Pour la diplomate, ces chiffres montrent clairement que le défi de juguler la piraterie maritime reste énorme dans cette vaste région de plus de 6.000 km, s'étendant du Sénégal à l' Angola.
Reste que la "petite diminution quantitative" annoncée "ne traduit pas forcément la réalité", de l'avis de l'expert français Eric Glotin.
"Les statistiques, a fait savoir celui-ci à Xinhua, je pense qu'il faut y aller avec beaucoup plus de prudence. On peut fournir des chiffres, mais les véritables chiffres ne sont pas forcément bien connus. Beaucoup d'attaques ne sont pas rapportées et il y a aussi beaucoup de fausses attaques qui, elles, sont rapportées. Les vrais chiffres sont quand même difficiles à obtenir".
Les constats établis laissent surtout découvrir que les côtes nigérianes sont la cible privilégiée de ces actes, en raison notamment des intérêts et des enjeux engendrés par l'exploitation pétrolière, enl'occurrence dans le delta du Niger, dans le Sud-est du pays,transformé pour certains endroits en zone de non-droit par des bandes armées.

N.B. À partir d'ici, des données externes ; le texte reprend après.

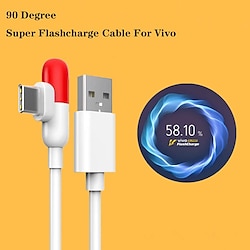 90 Degree USB Type C Cable For Vivo iQOO 5 3 X27 Pro Super Fast Charger Cord USB C 4A Data Wire For iQOO Pro Z1 NEX 3 3S Neo X50 Lightinthebox
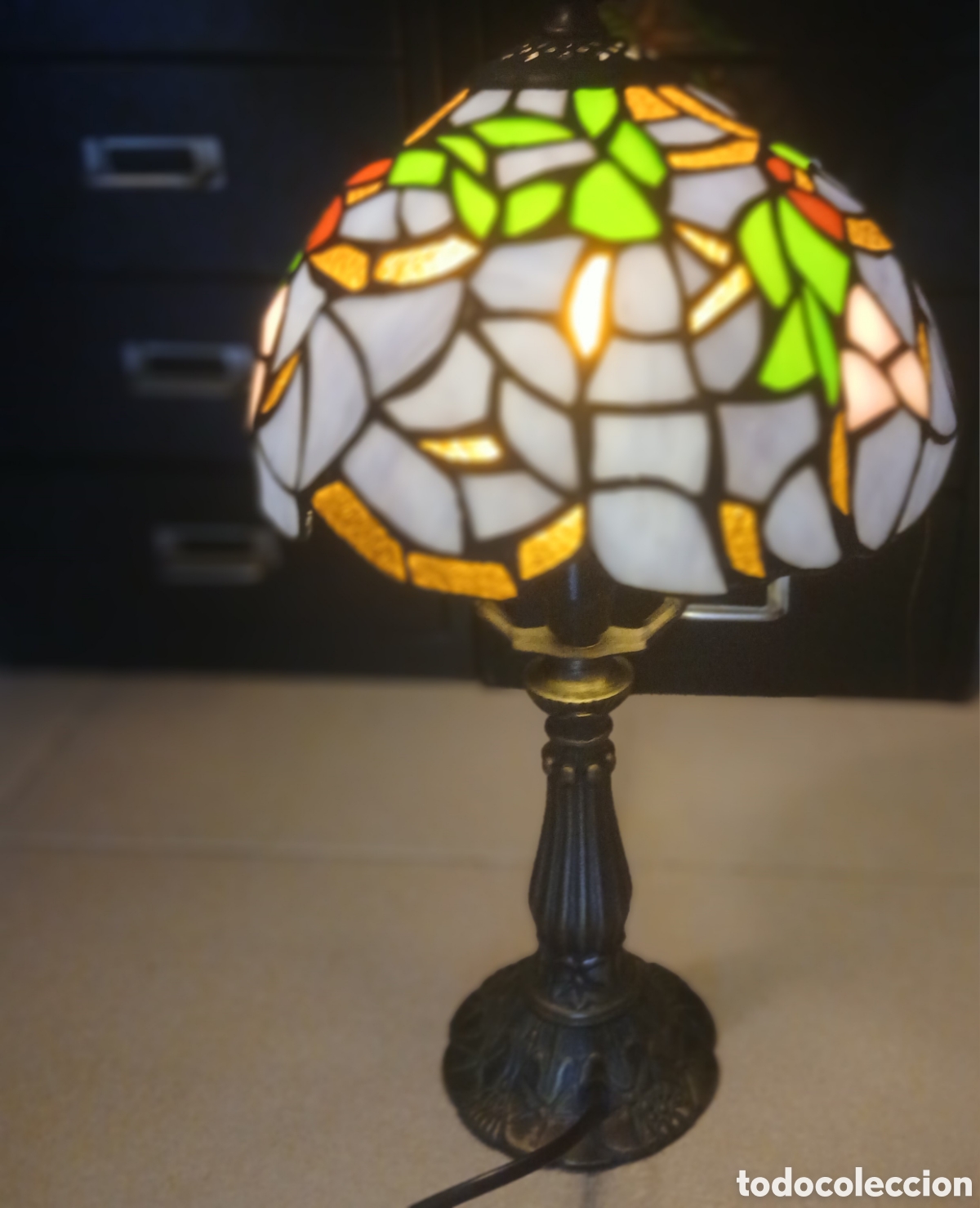 Vintage: Lampara de sobremesa con cristales opalinos - Foto 5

"Au Nigeria,vous avez 3.000 criques. Vous avez une certaine volatilité du point de vue de la sécurité liée aux questions d'exploitation du pétrole, de l'impact sur l'environnement, de l'impact sur les populations et à un moment donné cela a entraîné des formes de dissidence et de circulation des armes, et tout ça continue à avoir des effets malgré les efforts énormes de ce pays en vue de ramener la sécurité", note le colonel Dieng.
Mais, défend-il, "il y a de la criminalité résiduelle et cette criminalité fait que de temps en temps nous voyons des attaques qui sont perpétuées. Mais rappelons-nous, ça se passe dans les eaux d'un Etat souverain et on ne parle pas à partir de ce moment- là de piraterie. La piraterie, c'est quand ce genre d'activité se mène en haute mer. On parle de grand banditisme, de vol à main armée".
Pour le directeur exécutif du CIC, la comparaison faite entre le Golfe de Guinée et le Golfe d'Aden est anormale.
"Nous ne sommes pas dans le même contexte. Le Golfe de Guinée n'a pas d'Etat failli. C'est des Etats souverains qui sont les premiers responsables de l' exercice des activités régaliennes, dont la sécurité à l'intérieur de leurs eaux territoriales. Ces Etats patrouillent leurs eaux", a-t-il dit.
Pour illustrer son propos, il cite le cas du Bénin qui a retrouvé de la stabilité grâce à l'"opération Prospérité" conjointement menée avec le Nigeria.
Avec 44 attaques dénombrées et une perte de 40% du volume de ses recettes budgétaires en provenance des activités du portde Cotonou, ce pays d'Afrique de l'Ouest avait occupé en 2011 le premier rang du classement de ces incidents.
A l'inverse de la piraterie maritime caractérisée par des prises d' otages, la cote d'alerte, renseigne-t-il, demeure plus élevée dans le Golfe de Guinée concernant d'autres phénomènes tels les vols à main armée, qui consistent pour les criminels à attaquer des navires dans le seul but de s'emparer des marchandises.
En 2012, le Bureau maritime international avait évalué entre 34 et 101 millions de dollars le manque à gagner causé par de tels actes de grand banditisme.
"Nous avons d'autres formes de criminalité qui s'appellent vol de ressources naturelles, comme le soutage de pétrole. Nous avons le phénomène de migrations clandestines, de pêche illicite, de pollution de l'environnement dû à plusieurs facteurs. En fait, nous avons toute la série de ce que nous appelons les crimes transnationaux organisés", précise encore le colonel Dieng.
Plaque tournante du commerce des drogues dont la consommation est croissante en Afrique, le Golfe de Guinée, zone de conflits armés, est aussi attractif pour les marchands et trafiquants d'armes.
"Il y a une dizaine d'années, on disait qu' il y a 7 millions d'armes en Afrique de l'Ouest. Il y en a plus. Ce phénomène devient plus dangereux, parce que ces armes connaissent des phénomènes de recyclage d'un conflit à un autre",indique par ailleurs l'officier supérieur sénégalais.